Senate bill could hinder international enrollment

A bill floating in the U.S. Senate could stigmatize international students as dangerous and decrease their enrollment in college, educators are cautioning.

The Enhanced Border Security and Visa Entry Reform Act of 2001 is a legislative response to Sept. 11, said Kirk Robey, director of the Center for International Programs. It is an unnecessary response, though, to the fact that one of the Sept. 11 terrorists entered the country on a student visa, Robey said.

"The people involved in international education on a personal basis know foreign students aren't terrorists and aren't more likely to be a terrorist than anyone else," Robey said. "This is an emotional reaction to a very difficult situation."

The bill requires universities to give more information to the Immigration and Naturalization Service concerning a student's background, status and location.
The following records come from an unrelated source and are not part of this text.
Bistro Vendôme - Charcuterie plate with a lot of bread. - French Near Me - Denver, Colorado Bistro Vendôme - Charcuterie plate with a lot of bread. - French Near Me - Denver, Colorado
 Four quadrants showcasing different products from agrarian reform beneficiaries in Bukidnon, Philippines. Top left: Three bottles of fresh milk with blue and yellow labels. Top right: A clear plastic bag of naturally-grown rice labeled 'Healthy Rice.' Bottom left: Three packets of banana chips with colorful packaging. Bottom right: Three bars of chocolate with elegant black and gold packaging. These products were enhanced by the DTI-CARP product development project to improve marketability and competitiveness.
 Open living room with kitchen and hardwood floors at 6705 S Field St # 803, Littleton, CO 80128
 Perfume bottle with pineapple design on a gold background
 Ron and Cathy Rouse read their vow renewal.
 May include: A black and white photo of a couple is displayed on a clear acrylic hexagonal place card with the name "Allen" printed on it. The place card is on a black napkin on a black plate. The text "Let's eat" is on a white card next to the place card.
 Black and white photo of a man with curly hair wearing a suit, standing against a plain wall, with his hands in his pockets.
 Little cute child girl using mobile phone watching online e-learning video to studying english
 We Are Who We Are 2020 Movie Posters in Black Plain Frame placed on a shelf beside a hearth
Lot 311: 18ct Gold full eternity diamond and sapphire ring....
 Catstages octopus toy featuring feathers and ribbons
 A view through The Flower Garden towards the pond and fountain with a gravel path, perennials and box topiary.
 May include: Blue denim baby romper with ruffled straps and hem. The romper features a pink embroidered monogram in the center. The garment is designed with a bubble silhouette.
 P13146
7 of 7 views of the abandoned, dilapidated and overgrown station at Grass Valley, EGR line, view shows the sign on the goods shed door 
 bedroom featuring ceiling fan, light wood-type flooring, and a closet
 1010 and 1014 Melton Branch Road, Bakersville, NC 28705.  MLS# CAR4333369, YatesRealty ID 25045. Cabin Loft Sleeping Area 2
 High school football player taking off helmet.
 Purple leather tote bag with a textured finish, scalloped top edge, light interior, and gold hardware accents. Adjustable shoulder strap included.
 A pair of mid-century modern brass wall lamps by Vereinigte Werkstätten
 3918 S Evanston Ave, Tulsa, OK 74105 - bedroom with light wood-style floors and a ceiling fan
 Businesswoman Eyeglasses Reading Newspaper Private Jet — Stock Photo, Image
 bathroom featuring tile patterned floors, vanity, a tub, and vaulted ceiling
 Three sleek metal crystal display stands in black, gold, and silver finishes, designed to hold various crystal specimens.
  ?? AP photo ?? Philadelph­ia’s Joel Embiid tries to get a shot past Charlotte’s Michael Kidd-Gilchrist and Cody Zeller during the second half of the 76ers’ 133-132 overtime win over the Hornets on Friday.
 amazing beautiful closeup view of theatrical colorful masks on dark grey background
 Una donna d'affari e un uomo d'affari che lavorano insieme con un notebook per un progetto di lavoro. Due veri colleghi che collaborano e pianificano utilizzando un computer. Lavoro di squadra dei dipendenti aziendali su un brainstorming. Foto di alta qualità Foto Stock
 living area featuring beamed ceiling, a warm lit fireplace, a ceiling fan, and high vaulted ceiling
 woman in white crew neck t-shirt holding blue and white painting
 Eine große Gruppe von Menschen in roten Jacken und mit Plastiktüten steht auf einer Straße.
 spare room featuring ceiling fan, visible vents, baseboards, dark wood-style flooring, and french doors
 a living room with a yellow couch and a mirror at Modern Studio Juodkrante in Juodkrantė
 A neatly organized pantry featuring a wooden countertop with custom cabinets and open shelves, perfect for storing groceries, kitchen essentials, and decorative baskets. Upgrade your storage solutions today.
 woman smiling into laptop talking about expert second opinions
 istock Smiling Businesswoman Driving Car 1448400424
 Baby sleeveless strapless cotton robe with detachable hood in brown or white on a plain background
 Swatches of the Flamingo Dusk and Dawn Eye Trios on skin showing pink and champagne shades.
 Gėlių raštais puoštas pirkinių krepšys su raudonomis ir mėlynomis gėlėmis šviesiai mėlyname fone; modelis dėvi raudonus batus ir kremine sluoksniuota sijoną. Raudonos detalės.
This information will be processed through a Web-based system to be shared among all law enforcement agencies.

The act also increases fees for visa applications, which will be machine-readable and tamper-resistant. Also, visas would not be issued to students from countries designated as sponsors of terrorism until students are determined to be a non-threat by the Secretary of State.

Educators fear the terrorist attacks and the bill could make it more difficult for students to attain visas that are already difficult to acquire.

According to Chingiz Sharshekeev, a political science graduate student from Kyrgyzstan, acquiring a visa was a lengthy process that included providing the government with information about schooling, tuition, and housing.

As of Wednesday, Ball State University had one confirmed student still waiting on a visa to enter the country. According to Robey, there may also be students waiting on visas who have not contacted the university about any problems.

If the bill becomes law, Robey worries increased visa fees and skeptical treatment of Middle Eastern students might harm the flow of international students.

"The flow of students is pretty important for a lot of reasons," Robey said. "It's important culturally. It's important to the education of American students, and financially it's important because they bring in a lot of tuition dollars."

Robey said international students help give American students a broader world view, an idea echoed by the National Association of Foreign Student Advisers on its Web site, www.nafsa.org.

Robey said he questions if there is enough government manpower and funding to handle the massive amounts of personal information that would be generated.

The bill, however, could have been worse, Robey said. The original draft proposed in September, he said, was much more severe. Robey also said he believes the bill might see more moderation as it passes through the Senate.

Some immigration reform groups, including the Federation for American Immigration Reform, support the bill in its current form.

"The Federation for American Immigration Reform (FAIR) applauded the House vote passing legislation to tighten border controls in an effort to secure our nation against terrorists," the group wrote on its Web site, www.fairus.org.